OK, for instance this cli command copies a file from the se2 bucket to a /tmp directory on my derekja bucket:

aws s3 cp 's3://sentinel-s2-l1c/products/2018/8/30/S2B_MSIL1C_20180830T192859_N0206_R142_T09UXQ_20180830T231740' 's3://derekja/tmp/' --recursive --request-payer 'requester'

(but it puts the contents of the above directory into tmp. Need to get that directory name and put it together a bit better first...)

OK, sorted. In a single column csv it now creates a bucket with that name.results in my S3 account and I can then move that over to Azure in bulk for each query.

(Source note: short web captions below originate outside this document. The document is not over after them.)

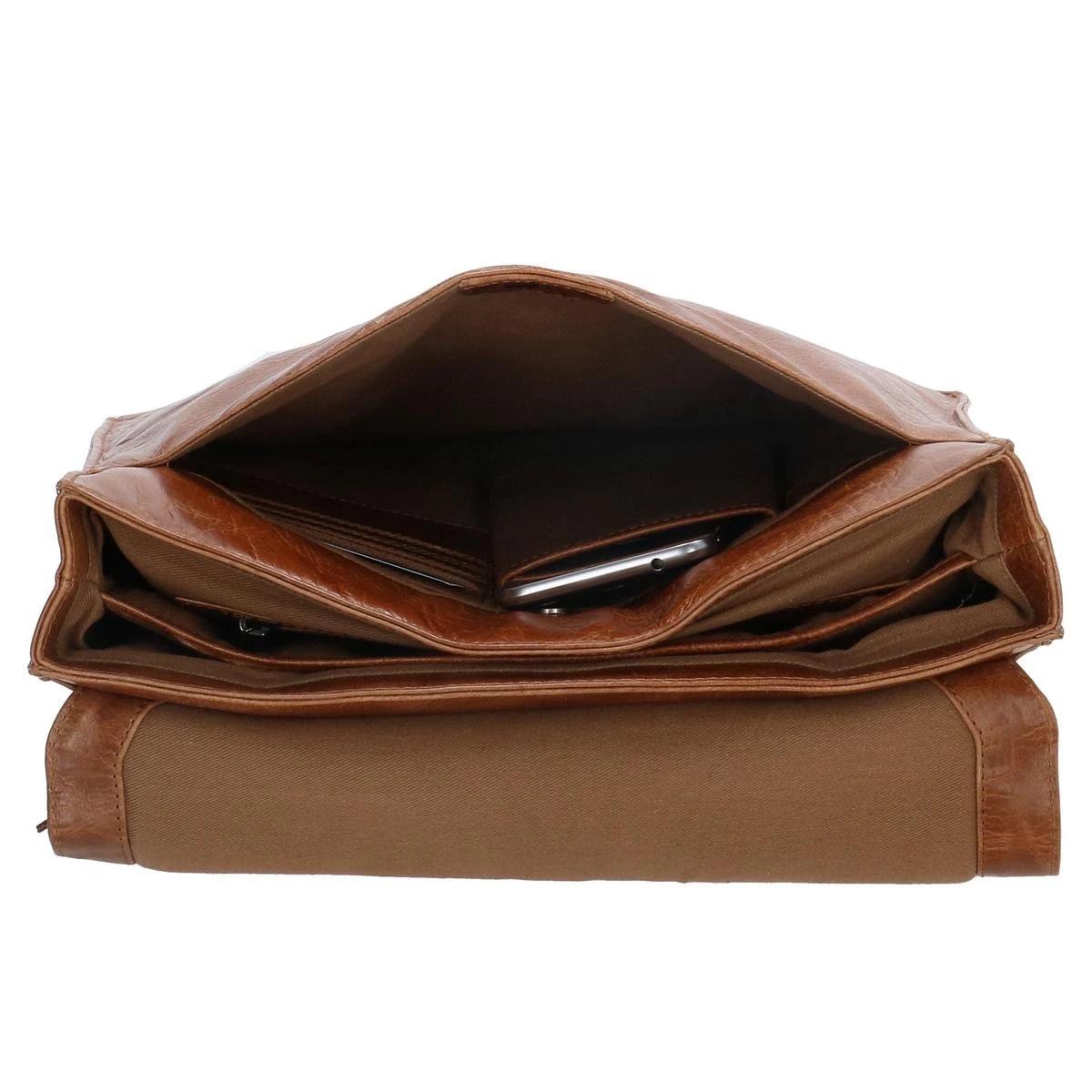 Micmacbags Porto Rugzak - 15 Inch - Bruin - Afbeelding 6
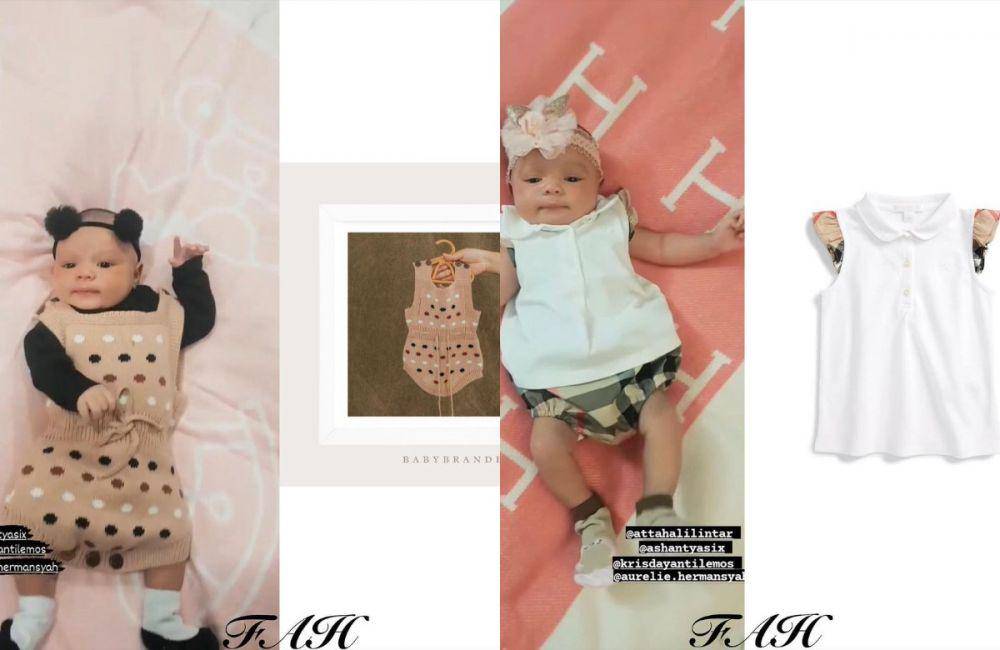 kolase baju mewah yang dipakai baby Ameena (instagram.com/fashion_aureliehermansyah_atta | instagram.com/fashion_aureliehermansyah_atta)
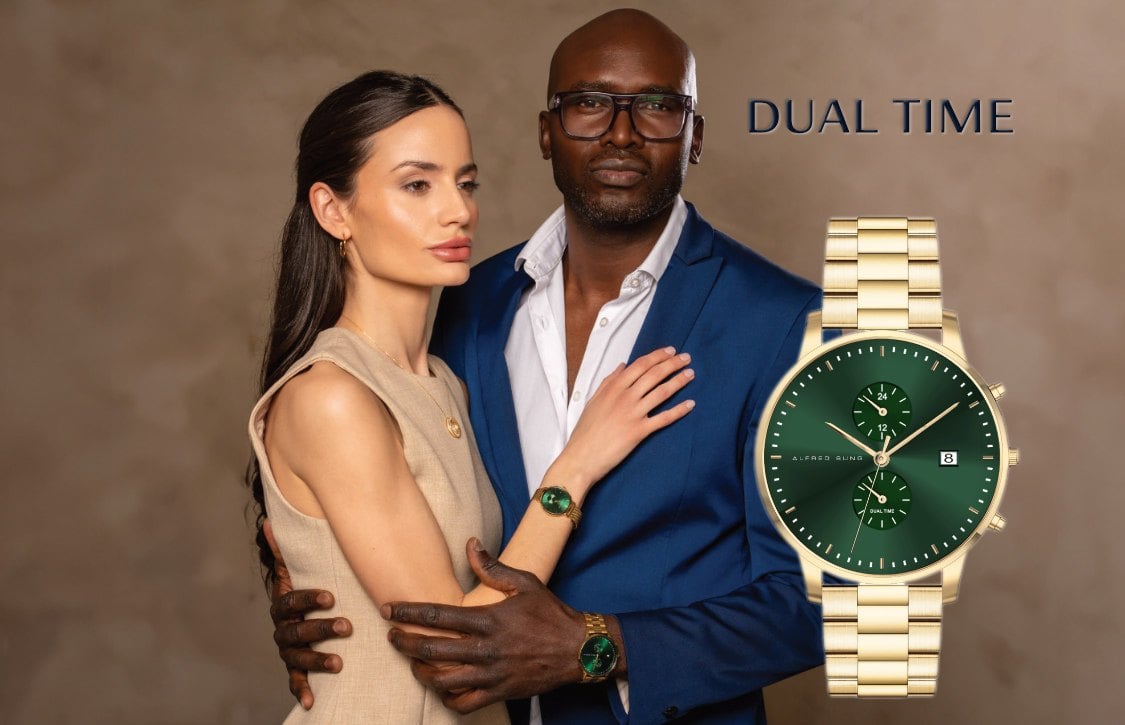 Alfred Sung Dual Time Collection - Men's watches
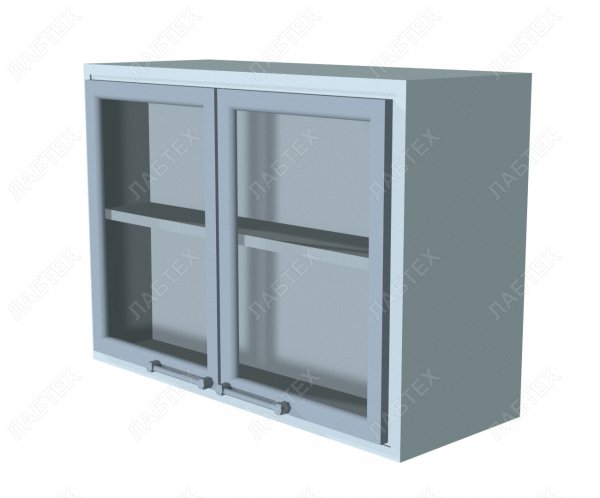 Шкаф настенный ЛАБТЕХ-ТШ-21, стеклянные дверцы, 830*320*600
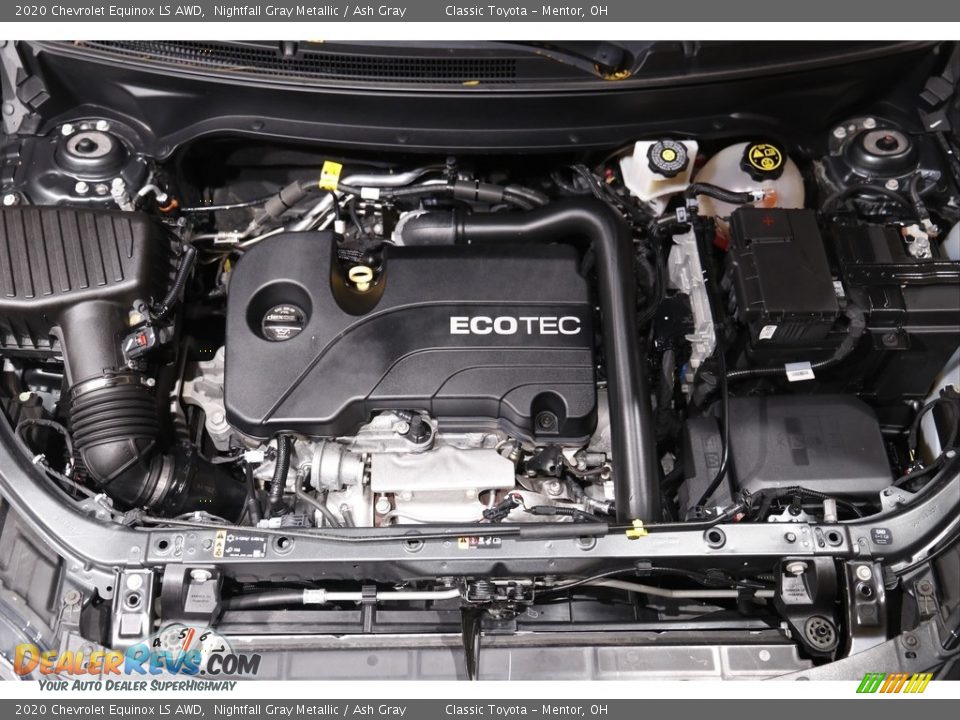 2020 Chevrolet Equinox LS AWD Nightfall Gray Metallic / Ash Gray Photo #17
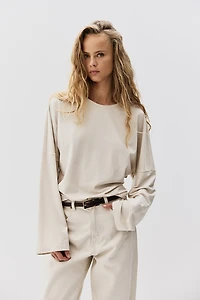 Haut à manches longues en coton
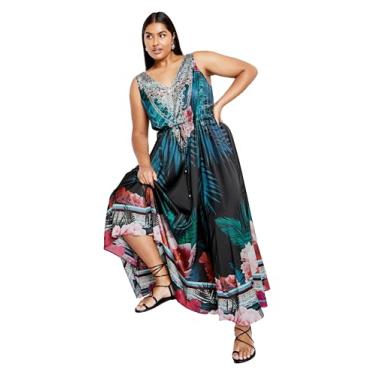 Imagem de City Chic Vestido longo pós-brilho, Noites de verão, 48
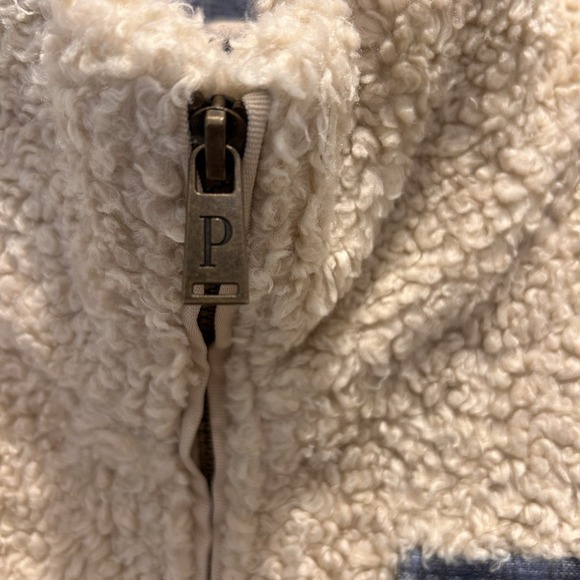 Pendleton Women's Cream Fuzzy Sherpa Full Zip Jacket Outdoor Size XL Cozy - Picture 6 of 9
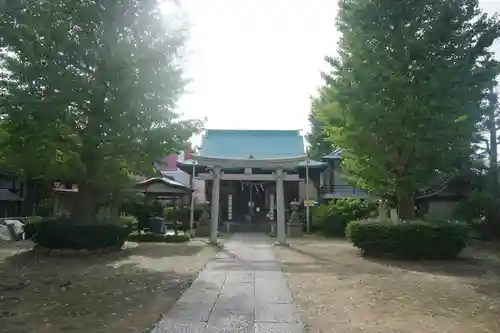 西新井氷川神社の鳥居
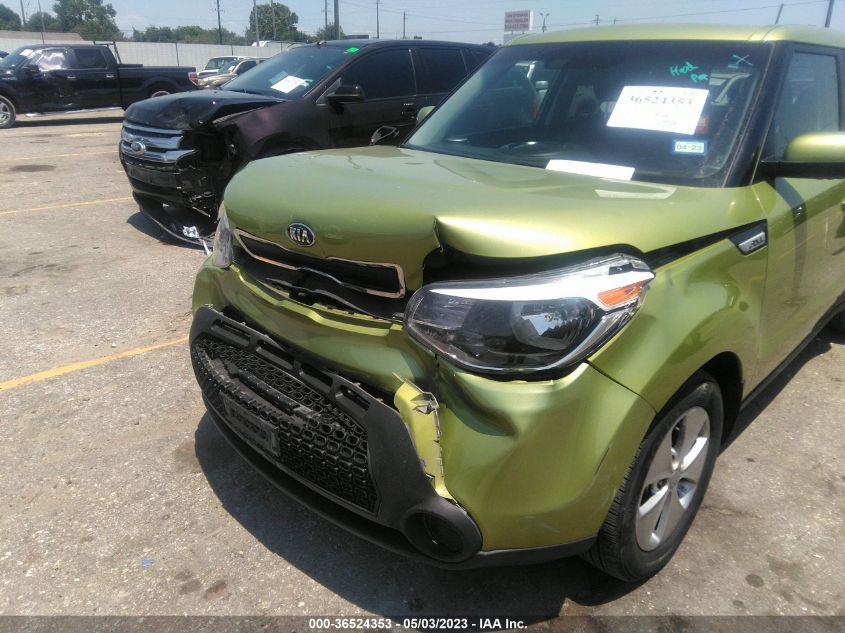 2015 KIA SOUL BASE - KNDJN2A23F7758366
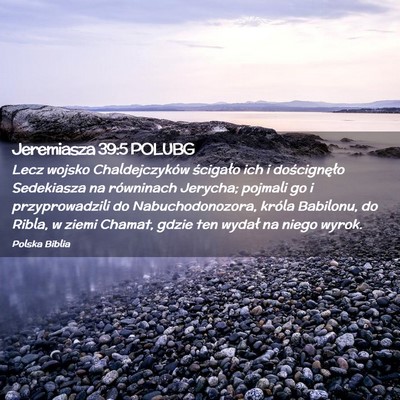Picture 02 - Jeremiasza 39:5 POLUBG - Lecz wojsko Chaldejczyków ścigało ich i - Bible Verse Picture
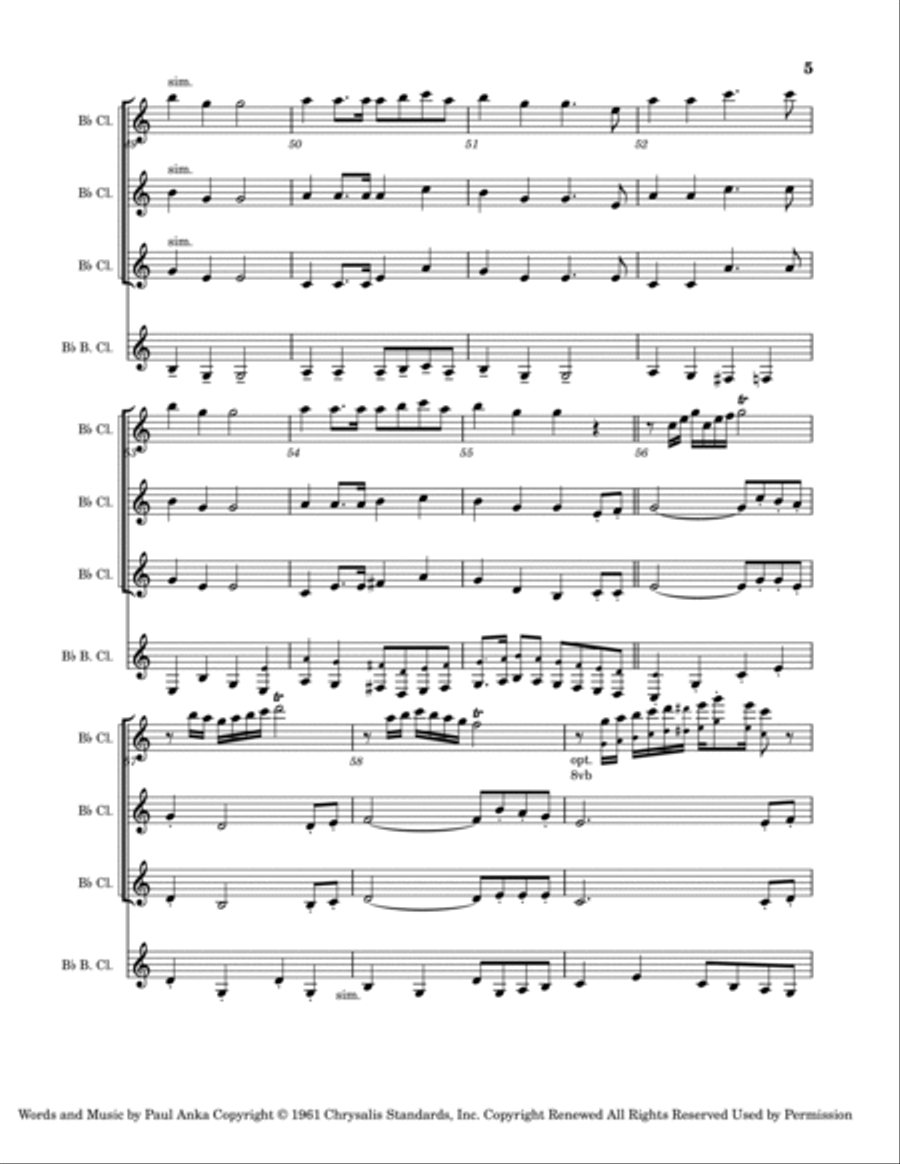 The Longest Day Woodwind Quartet scores gallery preview page 5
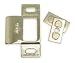 Battalion 2MDN4 Strike Plate Adj, H 2 3/4 x L 1 1/4 In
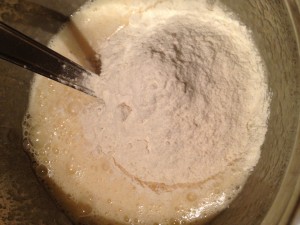 eggs, sugar and flour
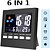 cheap Radios and Clocks-LCD Digital Thermometer Weather Station Clock &amp; Alarm Clock Calendar Room Home Hygrometer Termometer Temperature Humidity Meter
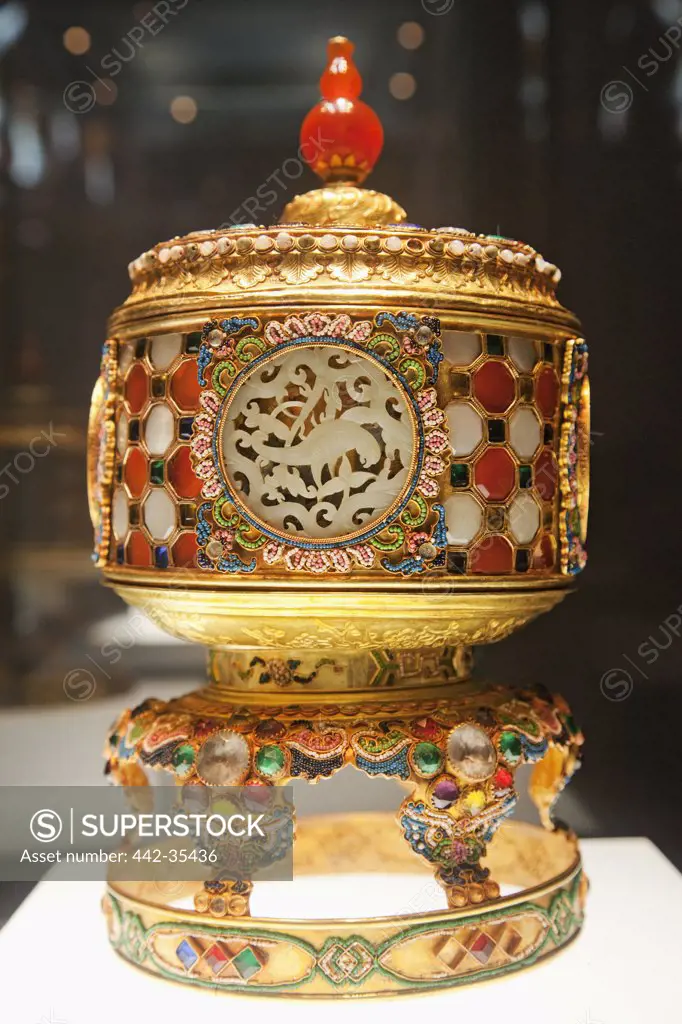 Close-up of an altar box in a museum, National Museum Of Vietnamese History, Hoan Kiem, Hanoi, Vietnam
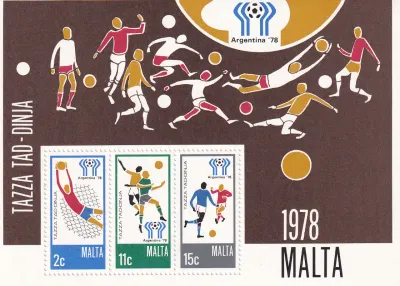 Malta 1978 Football World Cup - Argentina. MNH(**)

PS C:\Users\derek\aws_se2_fetch> .\Copy_se.ps1 se2_2018_2.csv

azcopy copy 'https://derekja.s3.us-east-1.amazonaws.com/se2_2018_1.csv.results' 'https://olci.blob.core.windows.net/se2?sv=2019-02-02&st=2020-08-12T02%3A52%3A48Z&se=2026-08-13T02%3A52%3A00Z&sr=c&sp=racwdl&sig=bpHtRe2V6tj82fWQ08bdU1RlvphJ8tnrd3OrVZ9QtlM%3D' --recursive=true


hmm, 2016 choked. Had to reboot the computer actually. I think it's because I took out the -Wait in the start process and so it began accumulating powershell instances. It was OK when there were a hundred, but 300 and something was just too many windows to spawn. Will try again segmented...

Whether because of naming or sync problems, not a single 2016 hit came through. I think we'd better look for other 2016 sources.